In fact, the first sporting event of any kind between teams representing different countries was a cricket match played almost 33 years earlier than that inaugural meeting between Australia and England. It was four months before Samuel Morse sent the first telegraph message, more than three months after the world's last pair of great auks - a species of flightless bird - were killed on the Icelandic island of Eldey, and just more than a month after Karl Marx first met Friedrich Engels in Paris. Wisden wouldn't appear for another 20 years.

The match wasn't contested near places where cricket has a notable presence today. The venue was almost 17,000 kilometres from the site of what wouldn't be the MCG for another nine years. What would become the Chepauk was still 72 years away from existing, and more than 13,000 kilometres in the distance. Lord's - which was 30 years old at the time - was more than 5,500 kilometres away.

The game in question was played at what is now a nondescript city block. Three streets away and 87 years later what would be the world's tallest building for the first 40 years of its existence reached its full height of 443.2 metres.

You can't see that structure, the Empire State Building, from Dallas in Texas - where the men's T20 World Cup will start on Sunday. But the teams who will launch the tournament there are descended from the sides who took to the St George's Cricket Club - then on Bloomingdale Road, now on part of a block on Broadway between West 30th and 31st Streets - to birth international sport itself. On Sunday they will be called the United States and Canada. On September 24 and 26 in 1844 their pioneering clash was billed as "United States of America versus the British Empire's Canadian Province".

Even so, the scorecard in the New York Daily Herald referred to the teams as "St George's Club" and "Canadians". The Americans were not labelled as such perhaps because membership of St George's - whose teams were magnificently nicknamed the Dragonslayers - was open only to subjects of the British empire. But their XI for the match included players from Philadelphia, Washington and Boston as well as New York.
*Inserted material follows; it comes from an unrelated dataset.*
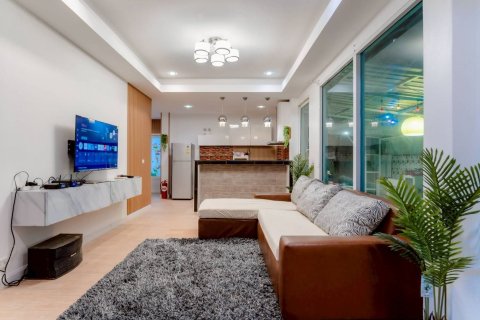 Chalet de 5 dormitorios en Hua Hin, Tailandia № 170957 - foto 6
It was quite some game of cricket. The boundary was the unmarked edge of the ground, the pitch was unspeakably poor, the bowling was underarm, Canada did not name a captain, and one of the Americans arrived late on the second day of play and was replaced in the field, as was one of the umpires. The crowd on the first day started at 5,000 and swelled to 20,000. Between USD100,000 to USD120,000 was estimated to have been bet on the match. The prize money, USD1,000, would be worth more than USD43,000 today.
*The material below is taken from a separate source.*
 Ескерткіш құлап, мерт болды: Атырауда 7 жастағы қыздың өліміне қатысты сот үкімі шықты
At stumps on the first day the US were 61/9 in reply to Canada's 82. Rain prevented play on what should have been the second and last day, so the match was extended by a day. The Americans were dismissed for 64, then they bowled out Canada for 63. That set the US a target of 82. The Canadians rattled them out for 58 to win by 23 runs. Three batters each made the match's highest score of 14, and there were two five-wicket hauls and one of six.
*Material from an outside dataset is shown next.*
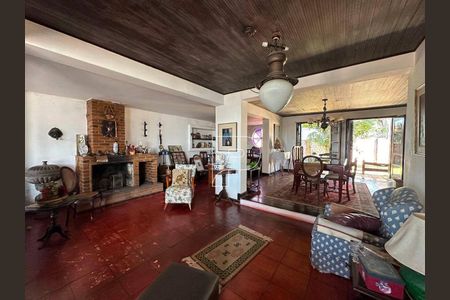 2_photo/94cfaabdf3.3be18b52e244e7c2-ATLAS-0301cac9-aa29-4d7d-93cd-198f2ac91b00.jpg de casa à venda com 3 quartos, 370m² em Vila Santo Antônio, Cotia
International cricket's second-ever match followed in July 1845, when the same opponents met at McGill University in Montreal and Canada won by 61 runs. You also won't find that entry in the archives, which say the US and Canada first played each other in a T20I at White Hill Field in Sandys Parish, Hamilton - the capital of Bermuda - in August 2019. Seven more T20Is, one of them abandoned, and an ODI are also on that list.

The Americans lead the official rivalry 4-3, so a Canadian win on Sunday would level matters. But the Canadians would be within their rights to demand a recount. "Don't forget," they could argue, "we slew the Dragonslayers."